Work task
An exact, complete copy of the entries that follow is needed.

Dataset entries
———

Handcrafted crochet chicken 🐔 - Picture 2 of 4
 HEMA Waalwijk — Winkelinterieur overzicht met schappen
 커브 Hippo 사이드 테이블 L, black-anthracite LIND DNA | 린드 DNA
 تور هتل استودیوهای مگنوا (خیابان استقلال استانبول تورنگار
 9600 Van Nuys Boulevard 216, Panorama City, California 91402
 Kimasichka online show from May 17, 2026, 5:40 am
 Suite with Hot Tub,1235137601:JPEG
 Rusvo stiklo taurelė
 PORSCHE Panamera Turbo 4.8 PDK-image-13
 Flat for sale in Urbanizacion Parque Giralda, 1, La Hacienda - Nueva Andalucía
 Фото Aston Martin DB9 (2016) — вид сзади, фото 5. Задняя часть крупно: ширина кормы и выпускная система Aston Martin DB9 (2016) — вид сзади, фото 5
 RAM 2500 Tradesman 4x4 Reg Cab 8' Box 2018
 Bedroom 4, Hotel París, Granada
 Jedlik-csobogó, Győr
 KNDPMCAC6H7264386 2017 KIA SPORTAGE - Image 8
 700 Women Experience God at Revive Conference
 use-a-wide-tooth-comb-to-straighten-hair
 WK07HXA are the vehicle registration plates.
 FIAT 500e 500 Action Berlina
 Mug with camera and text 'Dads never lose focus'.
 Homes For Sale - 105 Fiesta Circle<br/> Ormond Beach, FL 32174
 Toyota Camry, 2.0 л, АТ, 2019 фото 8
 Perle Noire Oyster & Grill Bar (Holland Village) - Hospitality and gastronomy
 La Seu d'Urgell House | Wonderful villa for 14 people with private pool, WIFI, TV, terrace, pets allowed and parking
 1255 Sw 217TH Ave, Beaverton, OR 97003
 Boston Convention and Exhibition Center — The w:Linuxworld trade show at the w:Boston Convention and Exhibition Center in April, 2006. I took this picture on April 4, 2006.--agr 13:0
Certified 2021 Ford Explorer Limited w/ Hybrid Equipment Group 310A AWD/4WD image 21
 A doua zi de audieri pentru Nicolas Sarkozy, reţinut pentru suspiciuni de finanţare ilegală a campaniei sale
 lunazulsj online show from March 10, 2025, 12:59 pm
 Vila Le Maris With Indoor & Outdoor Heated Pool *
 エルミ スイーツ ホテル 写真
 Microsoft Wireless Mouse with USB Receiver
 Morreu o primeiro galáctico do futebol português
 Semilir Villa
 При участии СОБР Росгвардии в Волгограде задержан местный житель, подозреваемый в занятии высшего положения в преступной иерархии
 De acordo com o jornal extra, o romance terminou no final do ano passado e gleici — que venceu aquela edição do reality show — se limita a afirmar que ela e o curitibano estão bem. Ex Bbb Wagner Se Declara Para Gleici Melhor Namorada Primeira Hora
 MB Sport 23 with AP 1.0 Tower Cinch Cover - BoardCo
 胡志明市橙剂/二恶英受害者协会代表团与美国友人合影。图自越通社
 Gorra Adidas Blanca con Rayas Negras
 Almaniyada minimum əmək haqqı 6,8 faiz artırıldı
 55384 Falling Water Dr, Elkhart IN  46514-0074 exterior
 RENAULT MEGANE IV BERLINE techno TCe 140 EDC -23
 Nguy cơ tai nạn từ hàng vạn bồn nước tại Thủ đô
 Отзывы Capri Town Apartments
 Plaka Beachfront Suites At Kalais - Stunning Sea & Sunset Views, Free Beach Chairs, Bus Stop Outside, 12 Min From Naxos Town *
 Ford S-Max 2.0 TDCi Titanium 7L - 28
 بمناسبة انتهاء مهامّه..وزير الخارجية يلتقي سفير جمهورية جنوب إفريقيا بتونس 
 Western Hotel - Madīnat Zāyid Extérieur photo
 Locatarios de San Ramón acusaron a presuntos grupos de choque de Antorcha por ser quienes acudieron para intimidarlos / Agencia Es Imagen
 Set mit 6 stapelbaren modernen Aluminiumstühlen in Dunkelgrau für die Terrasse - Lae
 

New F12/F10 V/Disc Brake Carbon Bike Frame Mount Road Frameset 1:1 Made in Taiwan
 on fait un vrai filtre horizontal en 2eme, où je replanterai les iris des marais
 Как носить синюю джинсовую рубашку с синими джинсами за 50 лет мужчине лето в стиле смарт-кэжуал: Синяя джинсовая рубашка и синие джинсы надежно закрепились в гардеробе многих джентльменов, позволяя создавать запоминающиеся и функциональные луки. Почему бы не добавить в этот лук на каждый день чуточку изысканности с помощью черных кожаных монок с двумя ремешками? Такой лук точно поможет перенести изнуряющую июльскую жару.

———

Response
Handcrafted crochet chicken 🐔 - Picture 2 of 4
 HEMA Waalwijk — Winkelinterieur overzicht met schappen
 커브 Hippo 사이드 테이블 L, black-anthracite LIND DNA | 린드 DNA
 تور هتل استودیوهای مگنوا (خیابان استقلال استانبول تورنگار
 9600 Van Nuys Boulevard 216, Panorama City, California 91402
 Kimasichka online show from May 17, 2026, 5:40 am
 Suite with Hot Tub,1235137601:JPEG
 Rusvo stiklo taurelė
 PORSCHE Panamera Turbo 4.8 PDK-image-13
 Flat for sale in Urbanizacion Parque Giralda, 1, La Hacienda - Nueva Andalucía
 Фото Aston Martin DB9 (2016) — вид сзади, фото 5. Задняя часть крупно: ширина кормы и выпускная система Aston Martin DB9 (2016) — вид сзади, фото 5
 RAM 2500 Tradesman 4x4 Reg Cab 8' Box 2018
 Bedroom 4, Hotel París, Granada
 Jedlik-csobogó, Győr
 KNDPMCAC6H7264386 2017 KIA SPORTAGE - Image 8
 700 Women Experience God at Revive Conference
 use-a-wide-tooth-comb-to-straighten-hair
 WK07HXA are the vehicle registration plates.
 FIAT 500e 500 Action Berlina
 Mug with camera and text 'Dads never lose focus'.
 Homes For Sale - 105 Fiesta Circle<br/> Ormond Beach, FL 32174
 Toyota Camry, 2.0 л, АТ, 2019 фото 8
 Perle Noire Oyster & Grill Bar (Holland Village) - Hospitality and gastronomy
 La Seu d'Urgell House | Wonderful villa for 14 people with private pool, WIFI, TV, terrace, pets allowed and parking
 1255 Sw 217TH Ave, Beaverton, OR 97003
 Boston Convention and Exhibition Center — The w:Linuxworld trade show at the w:Boston Convention and Exhibition Center in April, 2006. I took this picture on April 4, 2006.--agr 13:0
Certified 2021 Ford Explorer Limited w/ Hybrid Equipment Group 310A AWD/4WD image 21
 A doua zi de audieri pentru Nicolas Sarkozy, reţinut pentru suspiciuni de finanţare ilegală a campaniei sale
 lunazulsj online show from March 10, 2025, 12:59 pm
 Vila Le Maris With Indoor & Outdoor Heated Pool *
 エルミ スイーツ ホテル 写真
 Microsoft Wireless Mouse with USB Receiver
 Morreu o primeiro galáctico do futebol português
 Semilir Villa
 При участии СОБР Росгвардии в Волгограде задержан местный житель, подозреваемый в занятии высшего положения в преступной иерархии
 De acordo com o jornal extra, o romance terminou no final do ano passado e gleici — que venceu aquela edição do reality show — se limita a afirmar que ela e o curitibano estão bem. Ex Bbb Wagner Se Declara Para Gleici Melhor Namorada Primeira Hora
 MB Sport 23 with AP 1.0 Tower Cinch Cover - BoardCo
 胡志明市橙剂/二恶英受害者协会代表团与美国友人合影。图自越通社
 Gorra Adidas Blanca con Rayas Negras
 Almaniyada minimum əmək haqqı 6,8 faiz artırıldı
 55384 Falling Water Dr, Elkhart IN  46514-0074 exterior
 RENAULT MEGANE IV BERLINE techno TCe 140 EDC -23
 Nguy cơ tai nạn từ hàng vạn bồn nước tại Thủ đô
 Отзывы Capri Town Apartments
 Plaka Beachfront Suites At Kalais - Stunning Sea & Sunset Views, Free Beach Chairs, Bus Stop Outside, 12 Min From Naxos Town *
 Ford S-Max 2.0 TDCi Titanium 7L - 28
 بمناسبة انتهاء مهامّه..وزير الخارجية يلتقي سفير جمهورية جنوب إفريقيا بتونس 
 Western Hotel - Madīnat Zāyid Extérieur photo
 Locatarios de San Ramón acusaron a presuntos grupos de choque de Antorcha por ser quienes acudieron para intimidarlos / Agencia Es Imagen
 Set mit 6 stapelbaren modernen Aluminiumstühlen in Dunkelgrau für die Terrasse - Lae
 

New F12/F10 V/Disc Brake Carbon Bike Frame Mount Road Frameset 1:1 Made in Taiwan
 on fait un vrai filtre horizontal en 2eme, où je replanterai les iris des marais
 Как носить синюю джинсовую рубашку с синими джинсами за 50 лет мужчине лето в стиле смарт-кэжуал: Синяя джинсовая рубашка и синие джинсы надежно закрепились в гардеробе многих джентльменов, позволяя создавать запоминающиеся и функциональные луки. Почему бы не добавить в этот лук на каждый день чуточку изысканности с помощью черных кожаных монок с двумя ремешками? Такой лук точно поможет перенести изнуряющую июльскую жару.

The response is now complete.